Fitted Regression Line:

\[\hat{y} = 20.114 - 0.526x\]

Interpretation:

  • For each additional year of age, the change in blood pressure decreases by an average of 0.526 mm Hg.

  • The intercept estimate has no practical meaning since we do not study newborns for blood pressure treatment.

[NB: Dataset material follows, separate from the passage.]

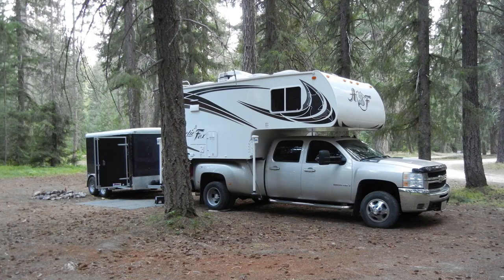I've also got a video showing the five things I like the most about my Arctic Fox 992. Be sure to check that out in this link here. I'll see you later.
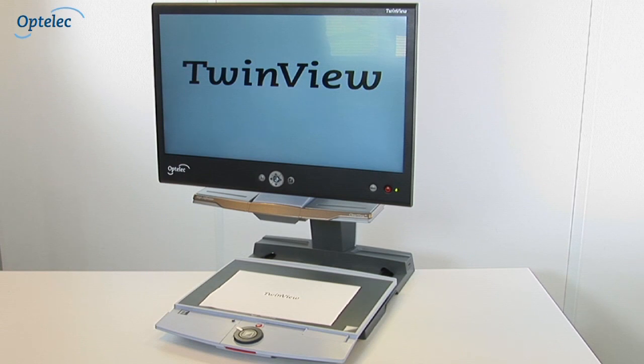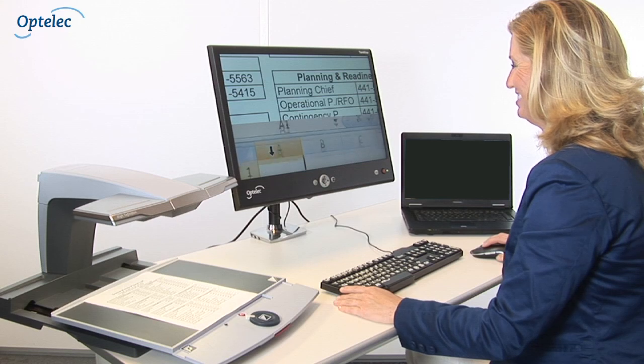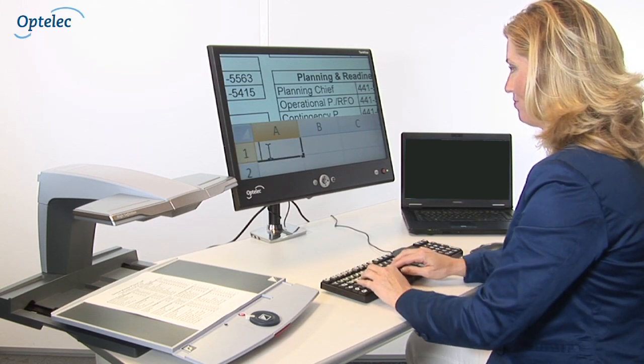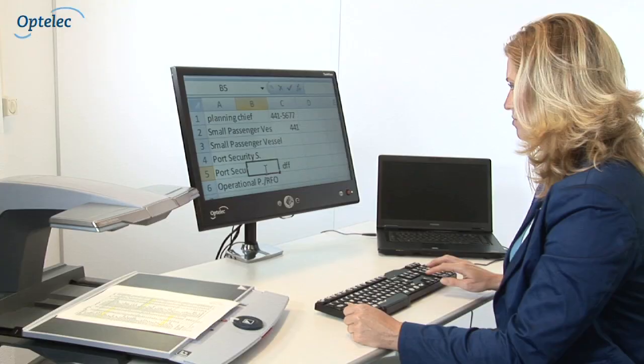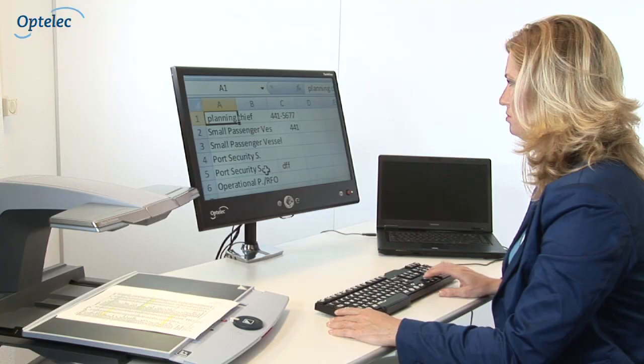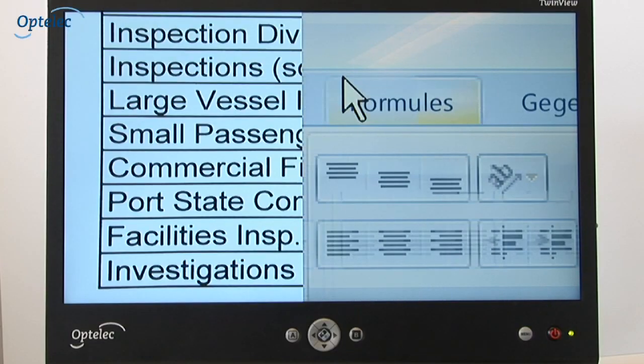Alternatively, you can also mount the TwinView to a proprietary monitor arm for increased versatility and use in close proximity to the computer keyboard and mouse. However you choose to configure your workstation, you can always connect the Optelec ClearView Plus and the computer to the TwinView and work with both simultaneously.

  • The negative slope suggests that older patients benefit more from the treatment.


13.2.4. The ANOVA Table for Regression

Just as in ANOVA, we can decompose the total variability in the response variable into two components, one arising from the model structure and the other from random error.

Total Variability: SST

Components of SST

Fig. 13.16 SST is the sum of the squared lengths of all the red dotted lines. They measure the distances of the response values from an overall mean.

(13.6)\[\text{SST} = \sum_{i=1}^n (y_i - \bar{y})^2\]

SST measures how much the response values deviate from their overall mean, ignoring the explanatory variable. SST can also be denoted as \(S_{YY}\). The degrees of freedom associated with \(\text{SST}\) is \(df_T = n-1\).

Computational Shortcut for SST

While Eq. (13.6) conveys its intuitive meaning, it is often more convenient to use the following equivalent formula for computation:

\[\text{SST} = \sum_{i=1}^n y_i^2 - n\bar{y}^2\]

Model Variability: SSR and MSR

Components of SSR

Fig. 13.17 SSR is the sum of the squared lengths of all the red dotted lines. They measure the distances of the predicted \(\hat{y}\) values from an overall mean.

The variability in \(Y\) arising from its linear association with \(X\) is measured with the regression sum of squares, or SSR:

\[\text{SSR} = \sum_{i=1}^n (\hat{y}_i - \bar{y})^2.\]

SSR expresses how much the fitted values deviate from the overall mean. Its associated degrees of freedom is denoted \(df_R\), and it is equal to the number of explanatory variables. In simple linear regression, \(df_R\) is always equal to 1. Therefore,

\[\text{MSR} = \frac{\text{SSR}}{df_R} = \text{SSR}.\]

Computational Shortcut for SSR

Using the expanded formula of \(\hat{y}_i\) and \(\hat{\beta}_0\),

\[\begin{split}\text{SSR} &= \sum_{i=1}^n (\hat{\beta}_0 + \hat{\beta}_1x_i - \bar{y})^2\\ &= \sum_{i=1}^n ((\bar{y}-\hat{\beta}_1\bar{x}) + \hat{\beta}_1x_i - \bar{y})^2\\ &= \hat{\beta}_1^2\sum_{i=1}^n (x_i -\bar{x})^2\\ &= \hat{\beta}_1\frac{S_{XY}}{S_{XX}} S_{XX} = \hat{\beta}_1 S_{XY}\end{split}\]

The final equality uses the definition of \(S_{XX}\) and the fact that \(\hat{\beta}_1 = \frac{S_{XY}}{S_{XX}}\). The resulting equation

\[\text{SSR} = \hat{\beta}_1 S_{XY}\]

is convenient for computaion if \(\hat{\beta}_1\) and \(S_{XY}\) are available.

Variability Due to Random Error: SSE and MSE

Components of SSE

Fig. 13.18 SSE is the sum of the squared lengths of all the red dotted lines. They measure the distances between the observed and predicted response values.

Finally, the variability in \(Y\) arising from random error is measured with the error sum of squares, or SSE:

\[\text{SSE} = \sum_{i=1}^n (y_i - \hat{y}_i)^2 = \sum_{i=1}^n e_i^2\]

The Residuals

Each difference \(e_i = y_i - \hat{y}_i\) is called the \(i\)-th residual. Residuals serve as proxies for the unobserved true error terms \(\varepsilon_i\).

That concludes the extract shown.